Falando de plataformas que podem ser afetadas pelo colapso da FTX, outras grandes exchanges do mercado já começaram a mostrar problemas para processar saques. O mesmo problema persiste: a falta de transparência. Por que tanto problema para permitir que usuários retirem seus valores? Não sabemos. Temos que confiar na resposta que nos é dada.
Ao mesmo tempo, exchanges descentralizadas como Uniswap e Curve continuam processando saques normalmente. A tecnologia parece não ter se importado com o rumo da FTX, tampouco parece se importar com quais empresas afundarão a seguir. Seus contratos inteligentes seguem funcionando como previsto, e seus fundos continuam auditáveis, bastando acessar um site e conferir os endereços de seus contratos.

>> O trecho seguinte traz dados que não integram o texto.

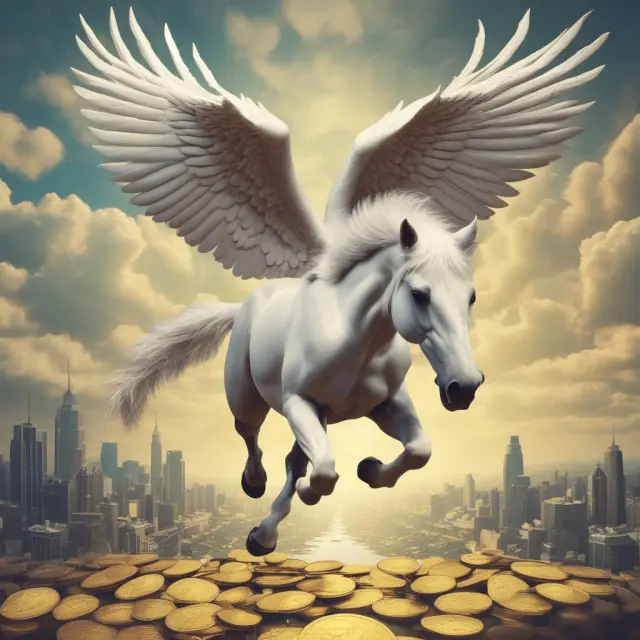 Pegasus flying above a vibrant stock market, symbolizing Growth at a Reasonable Price strategy with balance and potential for higher returns.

Não parece cabível que, na régua do regulador, esses dois mundos tenham o mesmo tratamento. Um esconde, enquanto o outro revela tudo que é possível revelar. Um monta esquemas com dinheiro dos clientes, enquanto o outro respeita o que foi depositado pelos usuários. Um cria barreiras entre pessoas e seu dinheiro, enquanto o outro garante a liberdade de movimentação dos fundos a qualquer momento.
Reforço que sou totalmente favorável à regulamentação do mercado de criptomoedas, mas tão somente do que é centralizado.